Its constructors require the number of permits, and one constructor also accepts a fairness flag. The default is non-fair mode.

Like CountDownLatch, Semaphore is implemented as a shared lock on top of AQS. Its state starts as permits. If more threads arrive than the permit count allows, the extra threads are parked and repeatedly check whether state > 0. When a running thread calls release(), state increases by one, allowing one of the waiting threads to succeed.

That is how a semaphore limits the number of concurrently executing threads.

CountDownLatch: a countdown gate

CountDownLatch lets one or more threads wait until a set of other operations has completed.

Internally, it is also a shared-lock style AQS implementation. Its state is initialized to count.

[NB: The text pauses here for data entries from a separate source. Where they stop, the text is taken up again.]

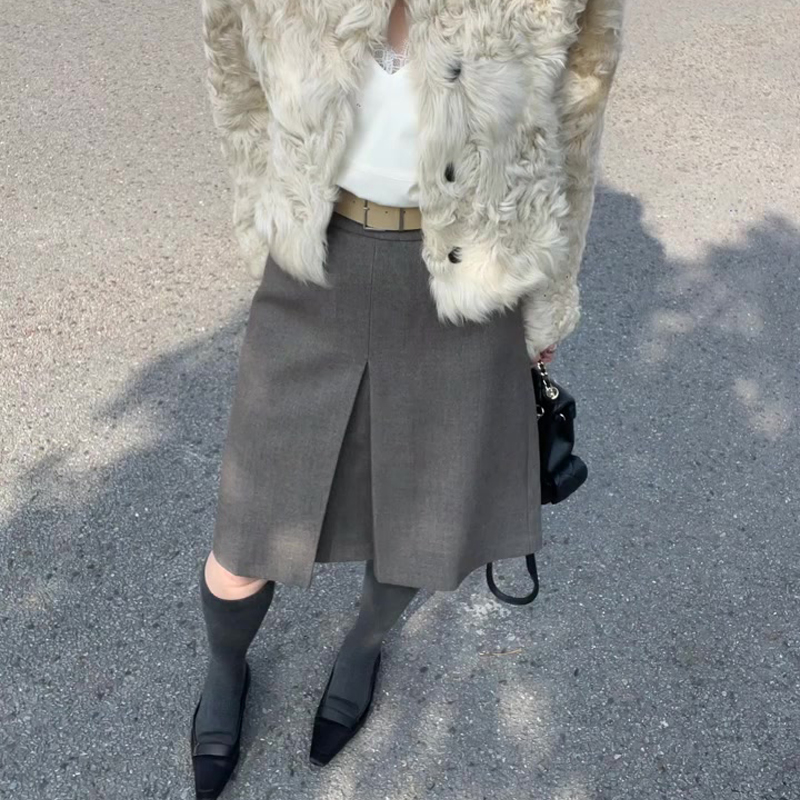 欧货高端定制灰色毛呢大码半身裙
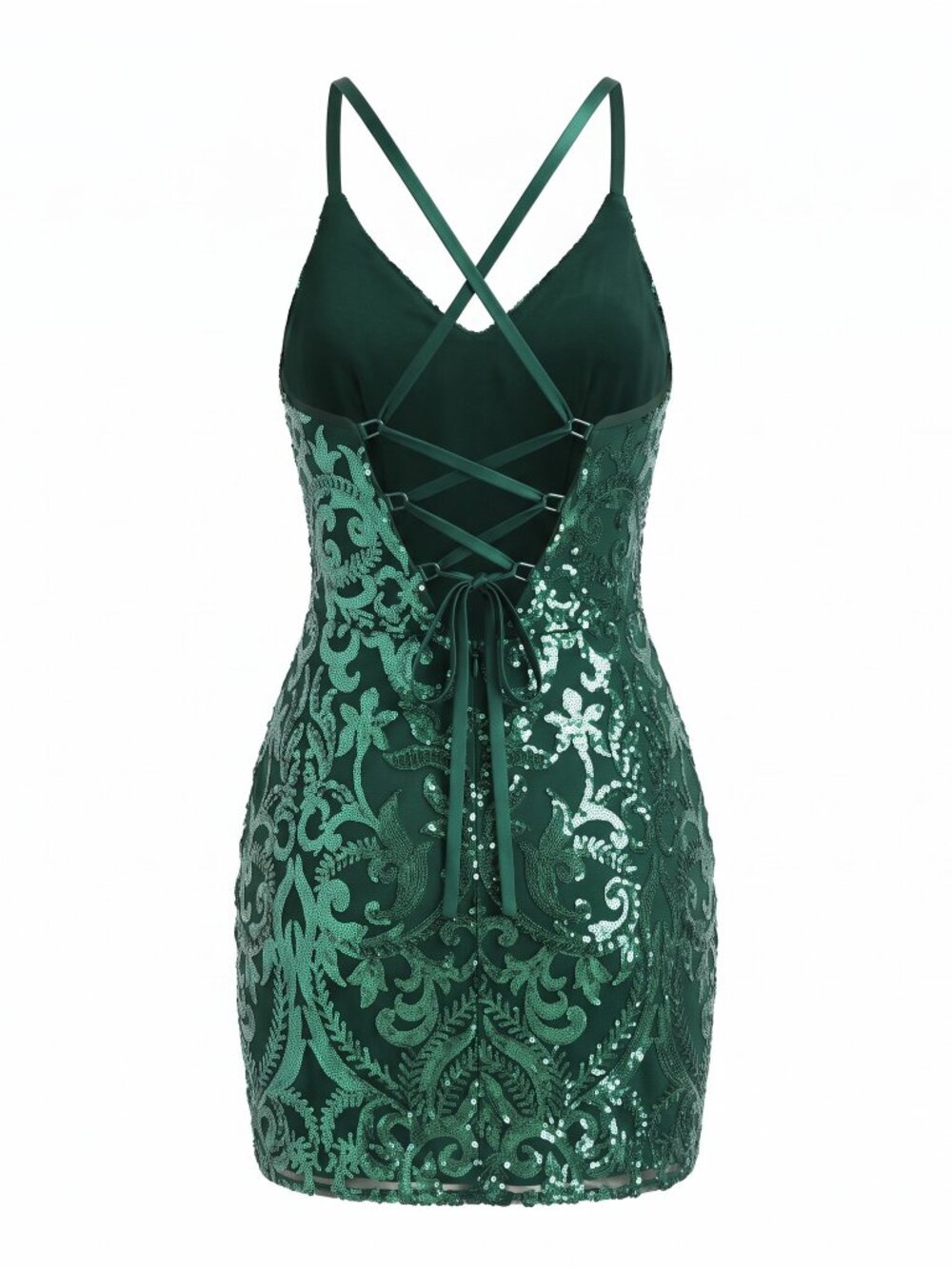 Lulus Divine Energy Emerald Sequin Lace-Up A-line Mini Dress NWT - Picture 11 of 11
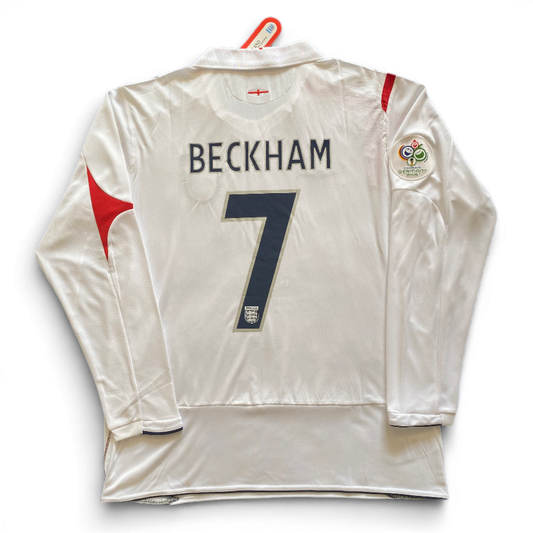 England's longsleeve home jersey for the 2006 World Cup. David Beckham.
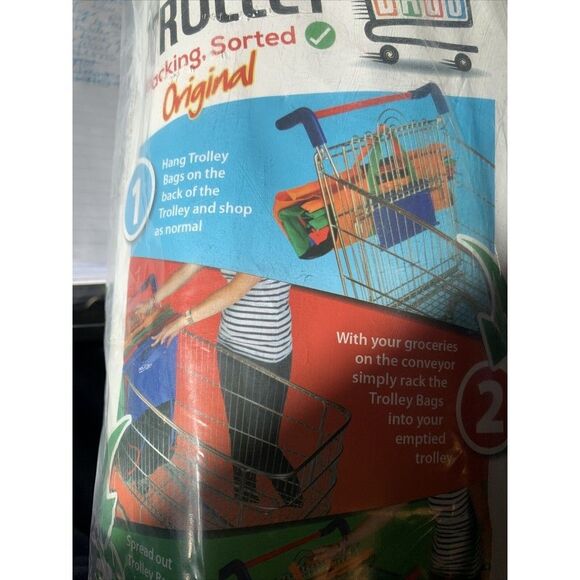 Reusable Trolley Shopping Cart Bags Grocery Organizer for Trolley Shopping Carts - Picture 8 of 9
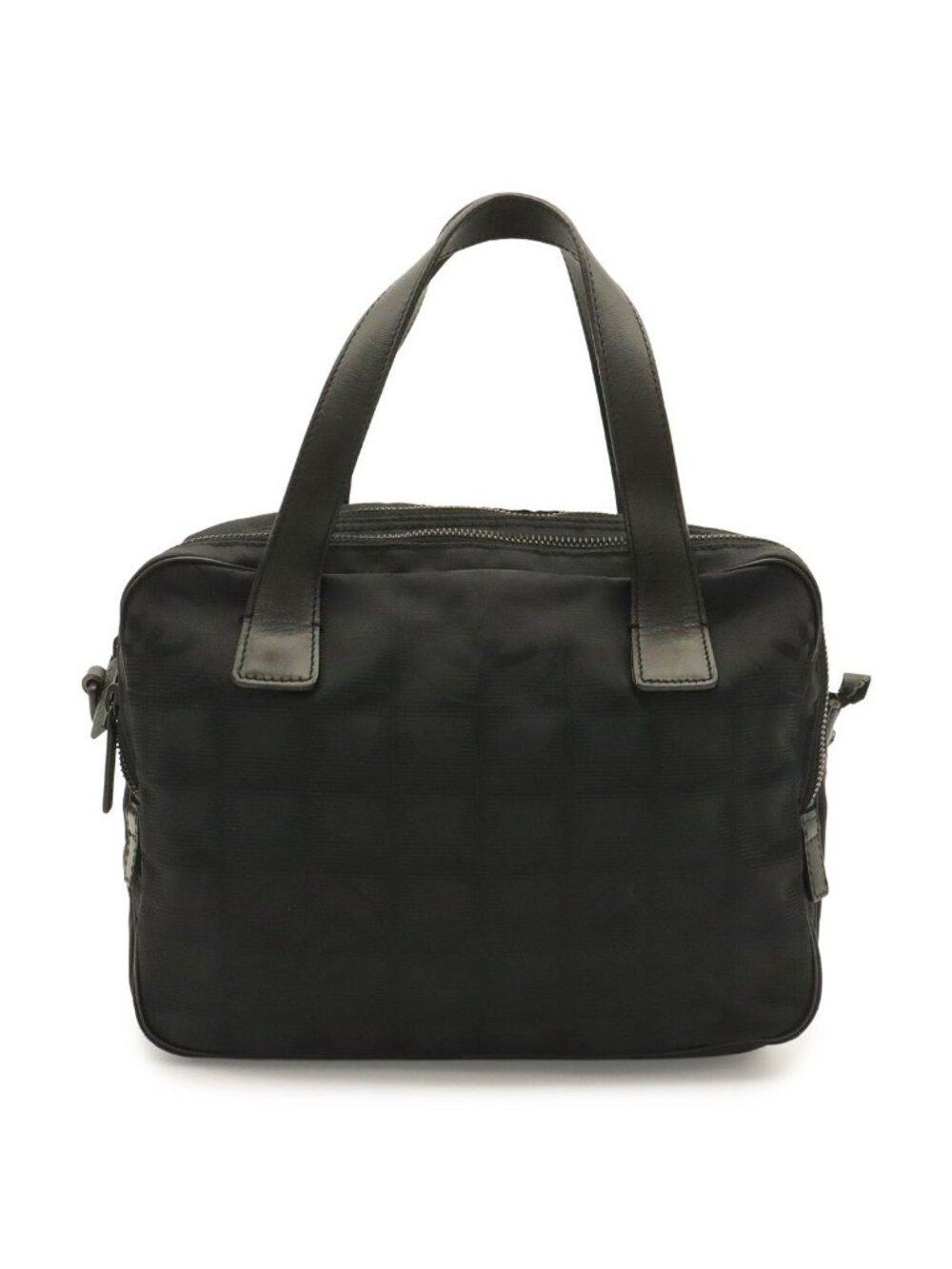 Chanel New Travel Line Handle Tote Mini Bag Nylon Jacquard Leather Black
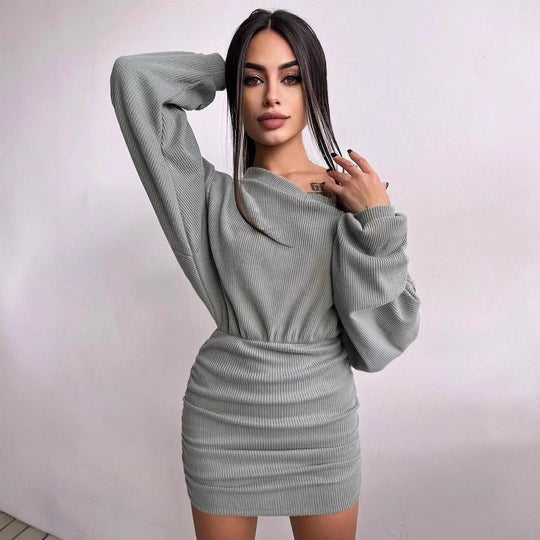 Damen Wickelkleid mit asymmetrischem Schnitt und Rüschendetails EB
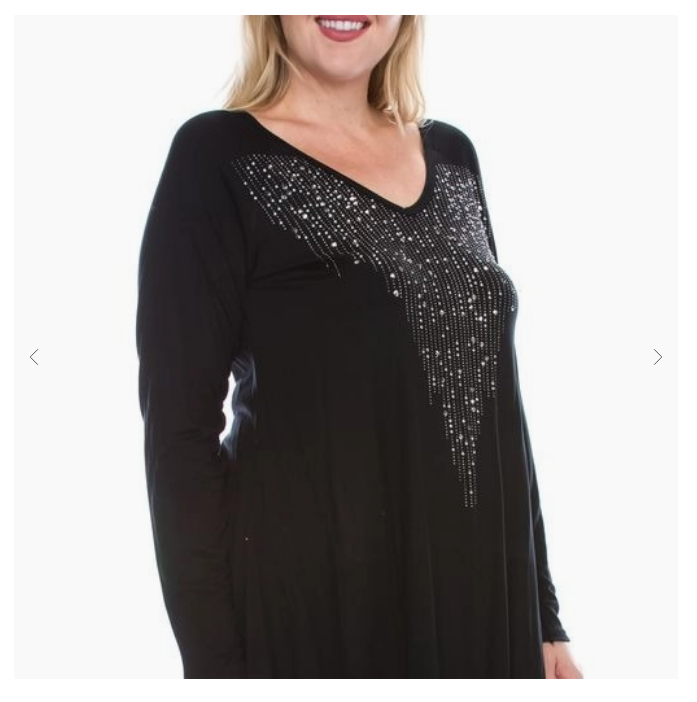 Black Stone Embellished Long Sleeve Top PLUS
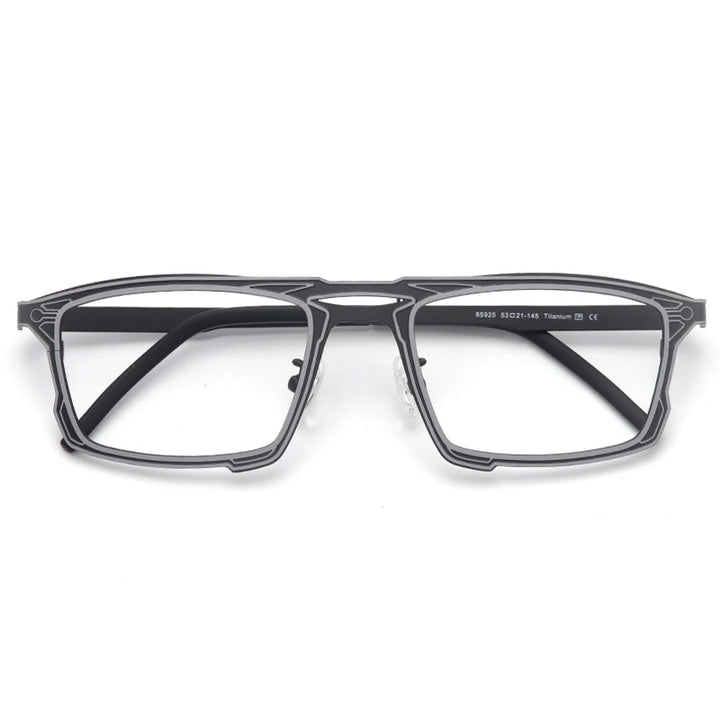 Muzz 8582 men's rectangle pure titanium prescription eyeglasses — view 6
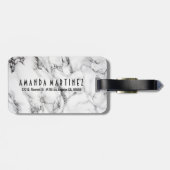 白黒とライトグレー大理石模様 ラゲッジタグ (裏面横)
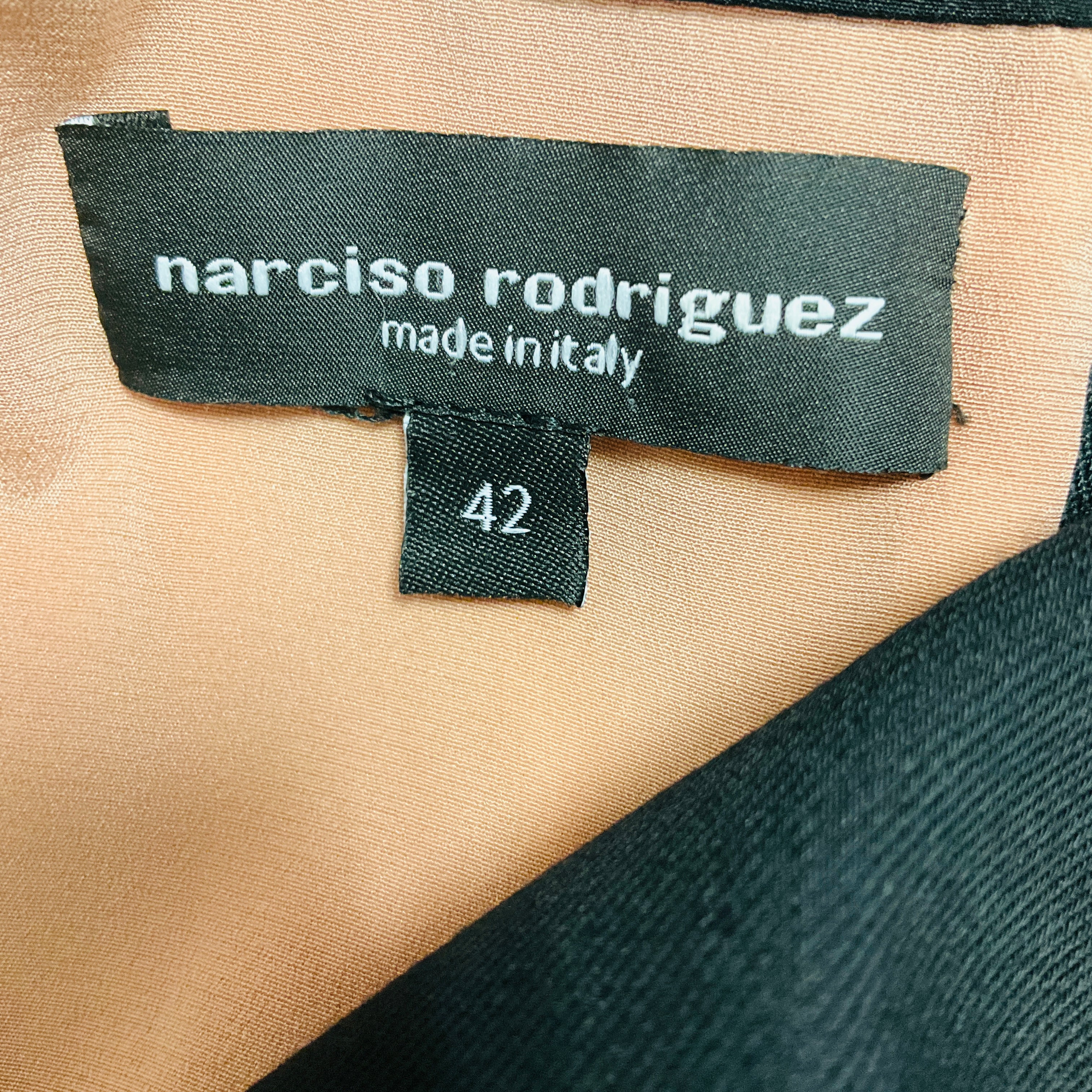Narciso Rodriguez Blush Pink / Black Colorblock Sleeveless Wool Crepe Midi Dress - Image 4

When a thread calls countDown(), tryReleaseShared reduces state through CAS. When another thread calls await(), it blocks as long as state != 0. Only when state reaches 0 are the waiting threads released.

Two classic uses of CountDownLatch

Waiting for several threads to finish before continuing

Initialize the latch with n:

new CountDownLatch(n)

Each worker thread calls countDown() when it finishes. The waiting thread calls await() and resumes only when the count reaches zero.

A typical example is service startup: the main thread waits for several components to load before moving on.

Making multiple threads start at the same time

To maximize parallel start timing, initialize the latch with 1:

new CountDownLatch(1)

All worker threads call await() first and remain blocked. When the main thread calls countDown(), the count becomes zero and they all begin together. This is like a starting gun in a race.

How the interaction works

If there are, say, 550 requests to process, the main thread can wait until all 550 have completed and only then continue with something like:

System.out.println("finish");

The typical pattern is:

  • the main thread starts worker threads
  • the main thread immediately calls await()
  • each worker holds a reference to the latch and calls countDown() when done
  • once all workers have counted down, the main thread resumes

A common trap

Improper use of await() can easily cause deadlock-like behavior.

If the code is written in a way that prevents the count from ever reaching zero, the waiting thread will block forever. This kind of bug is especially easy to introduce in loops where some branch skips the required countDown() call.

That makes CountDownLatch simple in concept, but unforgiving if the countdown logic is incomplete.